Linear Model - MSE: 0.1997, R²: 0.9902
Polynomial Model - MSE: 0.1915, R²: 0.9906


###Step 4: Discussion Questions
1. Why did the polynomial model perform slightly better than the linear model?

Answer:

The polynomial model includes additional terms that capture non-linear relationships and interactions between variables, such as temperature squared and interaction terms like light × CO₂. This allows the model to fit the data slightly better by accounting for curvature and interactions that the linear model cannot capture. However, since the original data was generated using a linear relationship, the improvement is minimal.
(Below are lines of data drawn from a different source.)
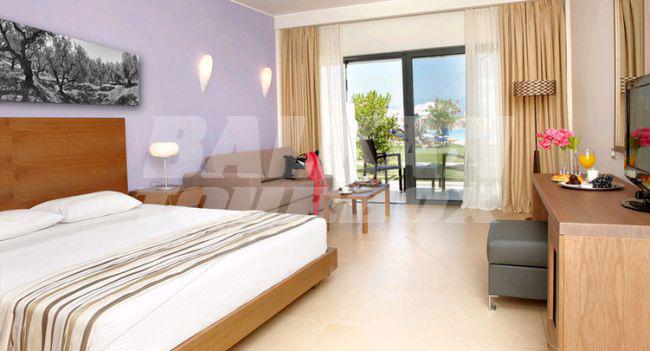 holiday in Atlantica Eleon Grand Resort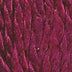 Load image into Gallery viewer, Planet Earth Silk (100-199)
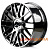 Replica MR932 9.5x20 5x112 ET43 DIA66.56 MB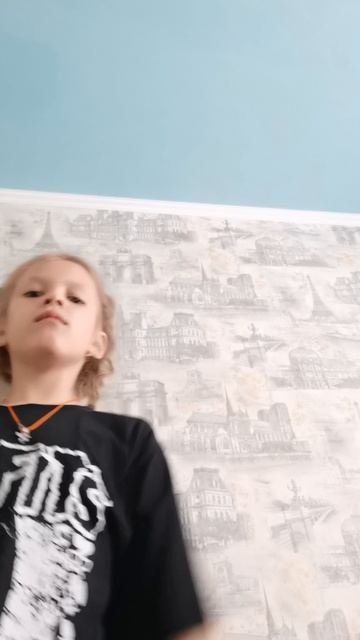 VID_20250521_121714.mp4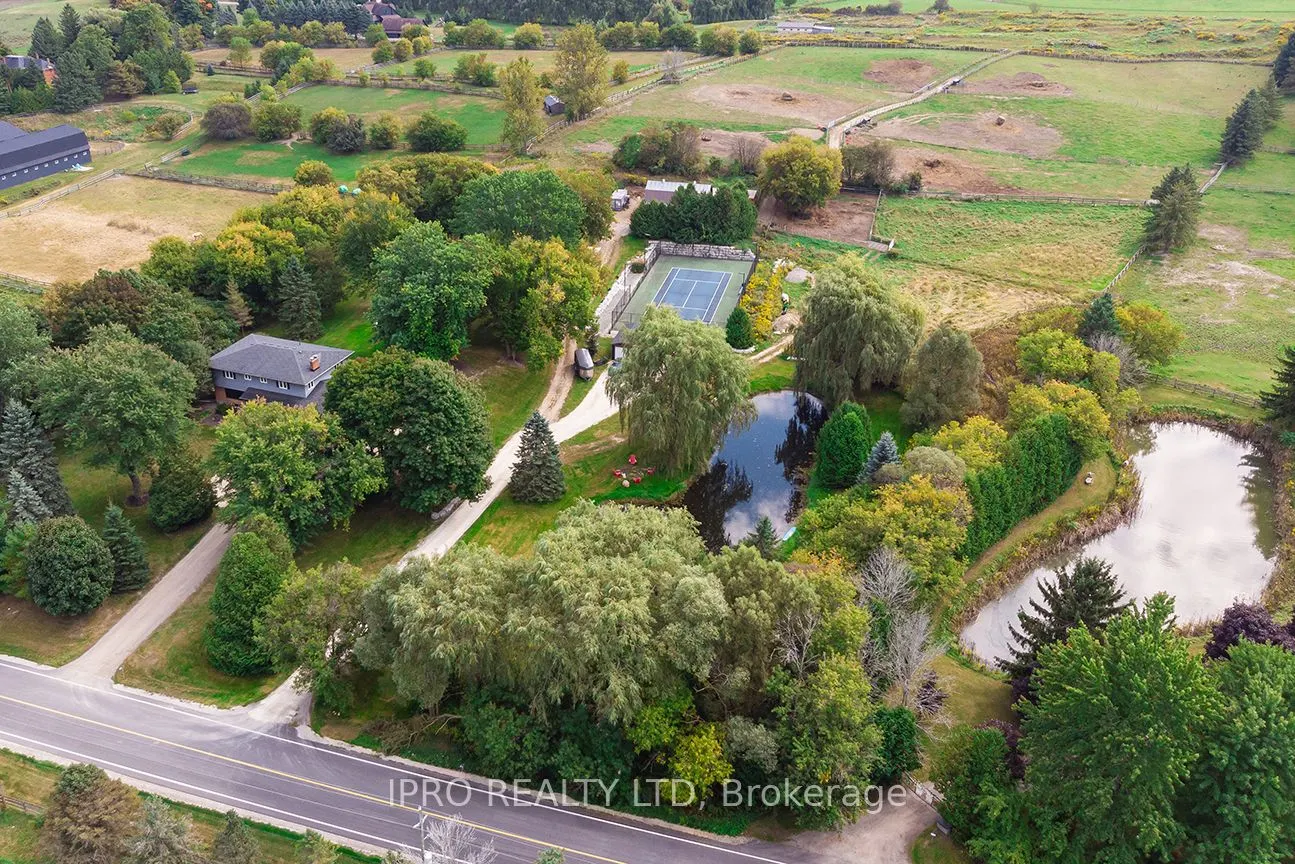 6845 19th Side Road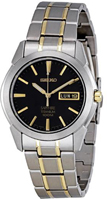 Seiko Regular SGG735P1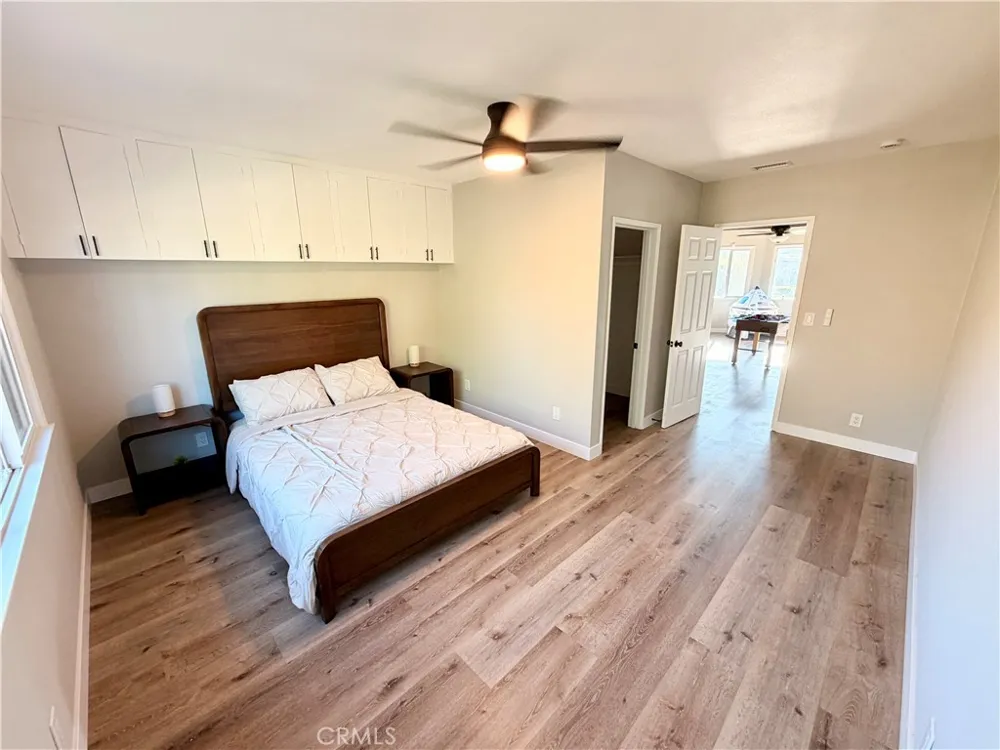 1030 S Pricedale West Covina, CA 91790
2. How does adding non-linear relationships (e.g., temperature squared) improve the model?

Answer:

Adding non-linear terms allows the model to capture more complex patterns in the data. For example, the effect of temperature on photosynthesis might not be strictly linear; photosynthesis rates could increase with temperature up to an optimal point and then decrease. The squared term for temperature helps model this curvature, providing a better fit if such a non-linear relationship exists.
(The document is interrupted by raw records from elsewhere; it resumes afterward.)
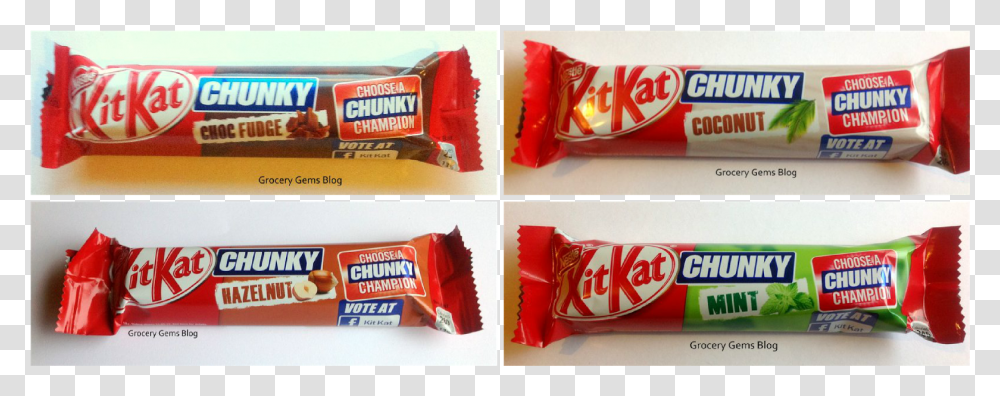 Kit Kat, Food, Candy, Sweets, Confectionery Transparent Png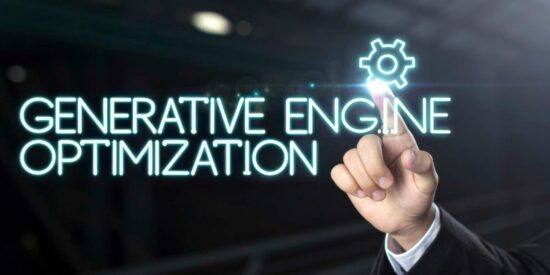 https-vipmarketing-com-hubfs-vip%20marketing-geo%20for%20law%20firms-jpg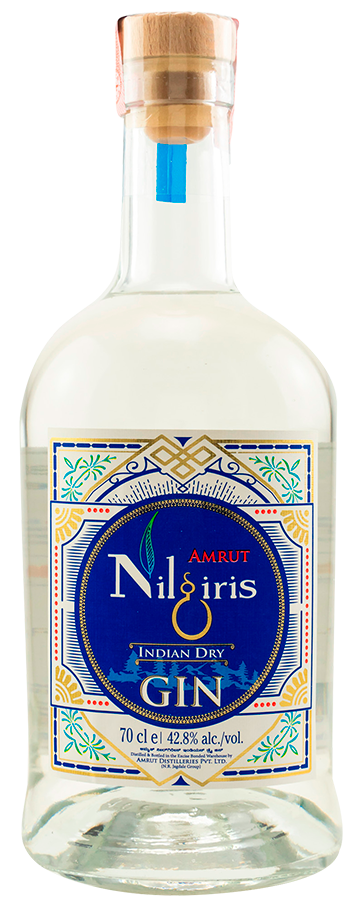 Amrut-Nilgiris-Indian-Gin-web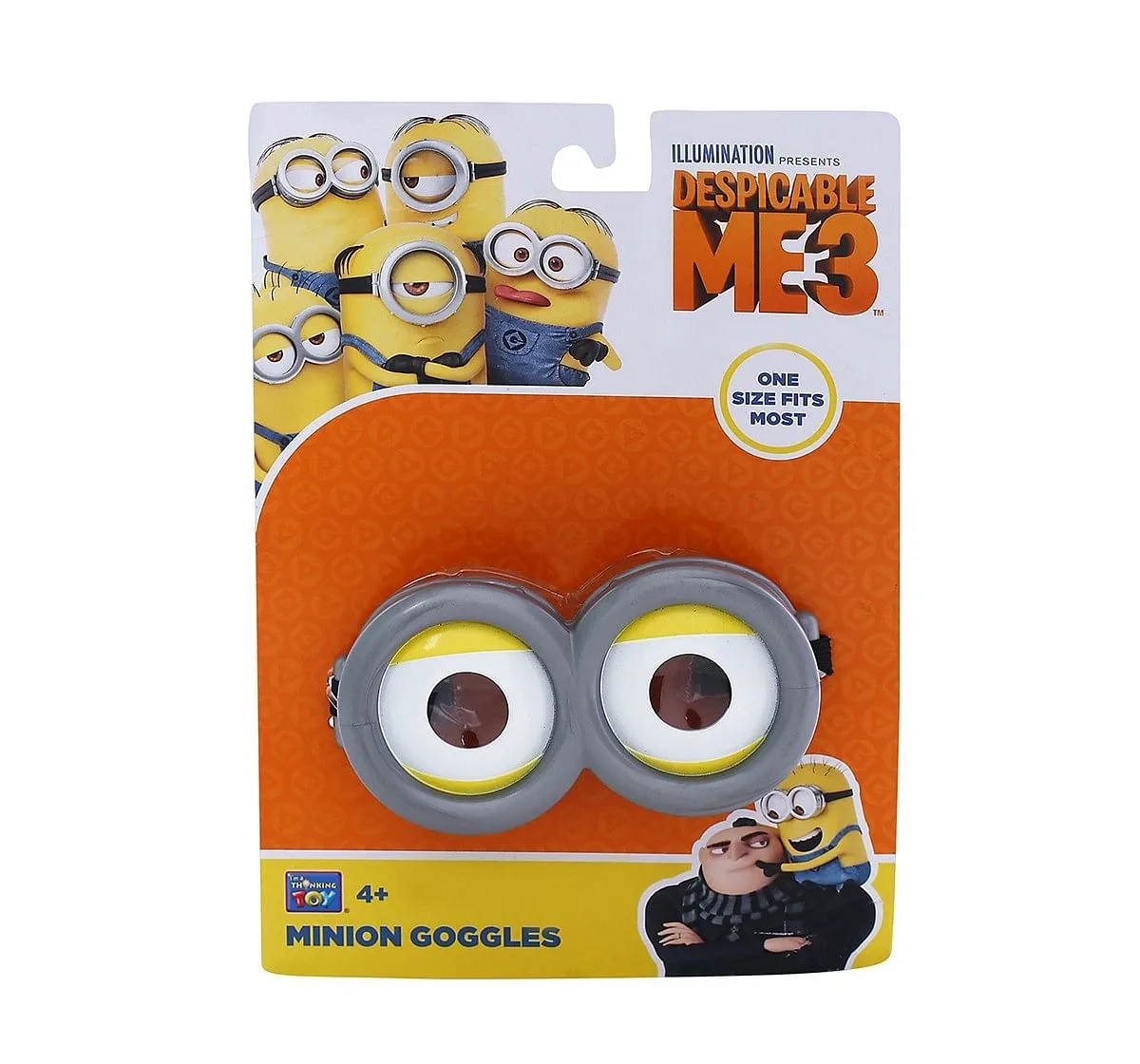 https://cdn.fynd.com/v2/falling-surf-7c8bb8/fyprod/wrkr/products/pictures/item/free/original/minions/MBETT084/3/EnG3ssHvZB-491174185-3.webp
3. Based on the results, should we prefer the linear or the polynomial model? Why?

Answer:

In this case, the polynomial model shows a marginal improvement in MSE and R² values. However, the improvement is minimal, and the increased complexity of the polynomial model may not justify its use. If model simplicity and interpretability are important, the linear model may be preferred. If capturing potential non-linear relationships is crucial, and the slight performance gain is valuable, the polynomial model could be chosen.